When I first put the skirt on it was fine, the pockets seemed a bit lower than I would want but may be I have short arms.  Two minutes after sitting down I realise the error of my ways.  It seems impossible to move around without the side seams gaping where the pocket entrance is.

Has anyone else had this problem?

Advertisements

Sewing plans

Kestrel Finds and Makes wrote an interesting blog post about how to plan your sewing. Usually I am a great planner, I love having lists and generally being organised about things (drives my family crazy) but this post highlighted quite how little thought I’ve put into my sewing so far.  Most of the things I have sewn have been at a bit of a whim; I see something I like and I go for it.  I suspect that sewing (and knitting) are two areas of my life which I enjoy because I don’t plan them and can be spontaneous.  Having said that I can see that I am in danger of having a cupboard full of hand made skirts and nothing to wear them with if I’m not careful.

I’ve built up a bit of a pile of unused patterns (you only make savings on Vogue pattern sales if you buy enough to make the postage worth while – right?) and various bits of fabric which might or might not go with them.

I also have a number of things which are half made and which I fully intend to finish off but at present are sitting in the to do pile:

  • Jasmine blouse – need to work on the fitting issues
  • Cowl neck smart wool dress for work – needs some serious hand sewing to get the lining in
  • Burda triangle dress – pattern traced out and ready to go (ok this doesn’t count as half made but I really want to get on with it)
  • Red beignet skirt – actually this one is almost done

I am also conscious that there is a lot to learn and some basics that I’d really like to get to grips with.  For example:

  • Linings – I can’t understand why more patterns don’t have linings.
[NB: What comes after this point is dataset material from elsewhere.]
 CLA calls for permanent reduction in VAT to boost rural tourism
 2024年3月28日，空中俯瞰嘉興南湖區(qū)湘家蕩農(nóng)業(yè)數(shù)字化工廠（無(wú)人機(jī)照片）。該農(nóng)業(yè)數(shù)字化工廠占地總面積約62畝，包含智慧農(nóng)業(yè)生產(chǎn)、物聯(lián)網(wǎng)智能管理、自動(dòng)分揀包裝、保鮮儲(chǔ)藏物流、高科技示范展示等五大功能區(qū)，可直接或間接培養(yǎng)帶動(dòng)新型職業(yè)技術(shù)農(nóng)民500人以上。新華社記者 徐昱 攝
So far I’ve tried to make it up as I go along but with varying degrees of success – I really need to make a pattern which includes a lining so I can feel confident about what I am doing in future.
  • Sleeves – I need a lot more practice at putting in sleeves. I know the theory but I still end up catching the gathers in badly.
  • Bodice fitting – I’m getting reasonably good at fitting skirts but I tend to shy away from  making things with bodices because I have trouble with the fitting.  Again I suspect this is down to practice.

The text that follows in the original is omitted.